Hal talks to Kyle instead of fighting him but ultimately comes to the realization (like everybody reading this comic book) that Kyle Rayner comes up with stupid plans and can't be trusted with the responsibility of defeating Telos. So Hal sends him back to Metropolis where he can, maybe at least, win the battle against Princess Fern.
Princess Fern doesn't know what a weasel is.
It's too bad for Princess Fern because Kyle was about to surrender.
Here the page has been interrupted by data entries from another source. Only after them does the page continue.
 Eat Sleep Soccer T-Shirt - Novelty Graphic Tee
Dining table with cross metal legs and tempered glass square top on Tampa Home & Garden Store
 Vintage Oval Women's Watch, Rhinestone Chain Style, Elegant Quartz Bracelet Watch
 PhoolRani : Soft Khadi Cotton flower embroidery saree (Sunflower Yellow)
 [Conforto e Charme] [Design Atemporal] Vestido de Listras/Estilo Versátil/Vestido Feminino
It's especially too bad for Princess Fern because the earthquake that means Telos is done with the game hits only moments after she's erased from all time.
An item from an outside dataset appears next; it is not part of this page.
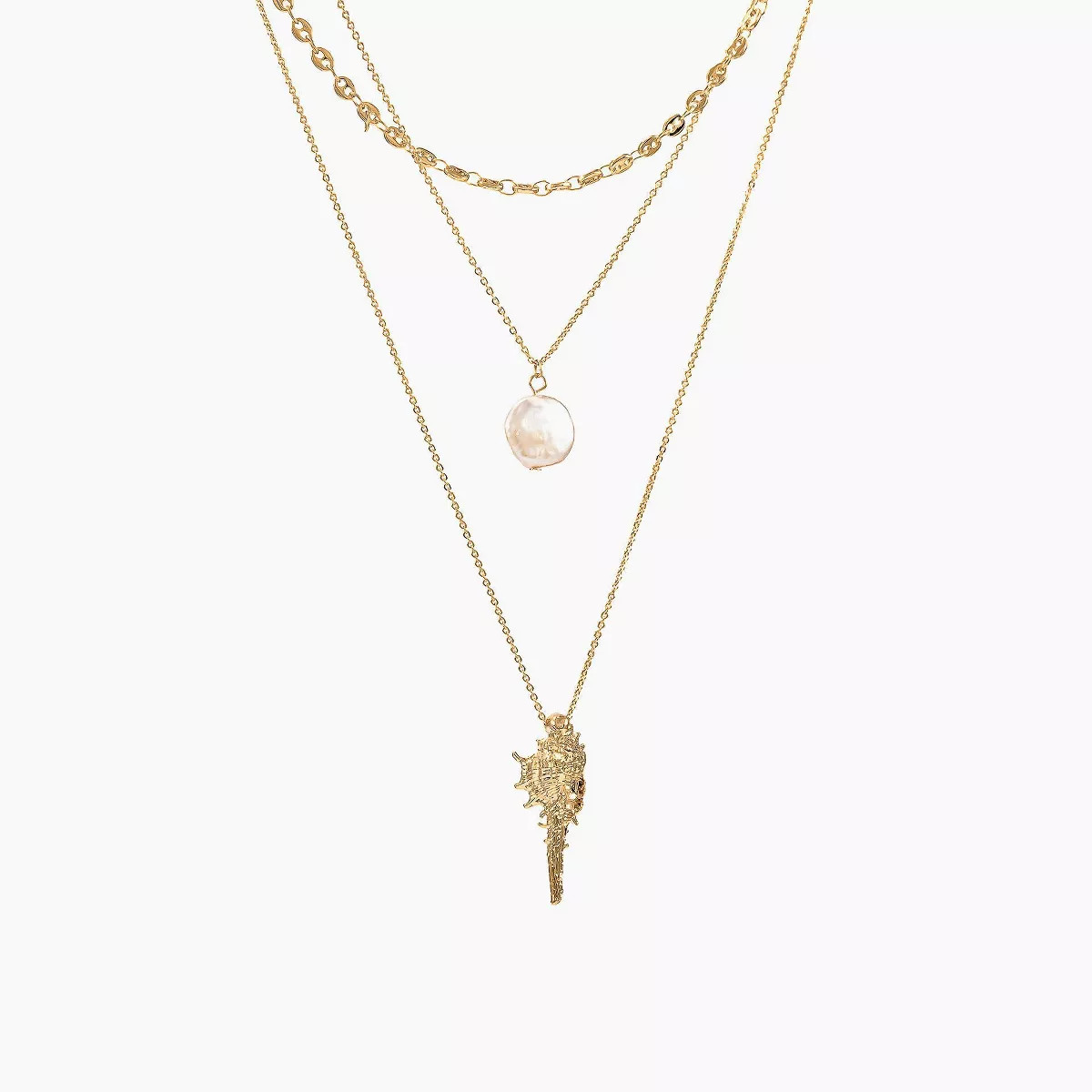 Bearfruit Jewelry Debra Triple Layered Necklace with Cultured Pearl Pendant | Target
Convergence: Green Lantern Loves Parallax #2 Rating: This issue rates Five Cold Ethyls out of Ten! That means I found no reasons to dislike it but I also found no reasons to enjoy it. I'm like a real comic book reviewer now! I bet in about a week, I completely forget that I've been trying to rate the comic books with a totally arbitrary system that truly means nothing to anybody whose comic book preferences aren't exactly like mine.
Divergence: Twat Lobo
"Cosmic speakeasies, intergalactic drug dens and even exotic alien women can't distract Twat Lobo from his first love: bounty hunting!"
This is why Cullen Bunn writes boring comic books that rely way too heavily on Narration Boxes. It's because he's writing all of the titles! He's on Sinestro and Lobo and Lost Army and Moon Knight and probably more comic books that I don't want to read!
How come Real Deal Lobo wasn't lurking in Pre-Zero Hour Metropolis, hunh?! He needs to come back and eat Twat Lobo's spleen!
Lobo is currently fucking the wife of the guy he's going to kill to lure the guy to him.
That is the same thing. "The way I see it, you do A, you'll get B. But if you do C, you'll get B!"
People talk about bullshit sexist stuff all the fucking time on the internet. But the way DC Comics uses their Teen Plus Rating? That's actually sexist (even though the ratings don't mean anything). Seriously. Check it out yourself. The main reason a DC Comics will get a Teen Plus Rating is if it has a female main character who shows interest in sex. Decapitations like in Batwing and Batman and Robin? Doesn't earn a Teen Plus. Batwoman and Catwoman enjoy fucking? Teen Plus. Fuck you, DC.
Lobo blah blah blahs up the pages with Narration Boxes and then ends the story looking at his next bounty: Sinestro. I hope they kill each other.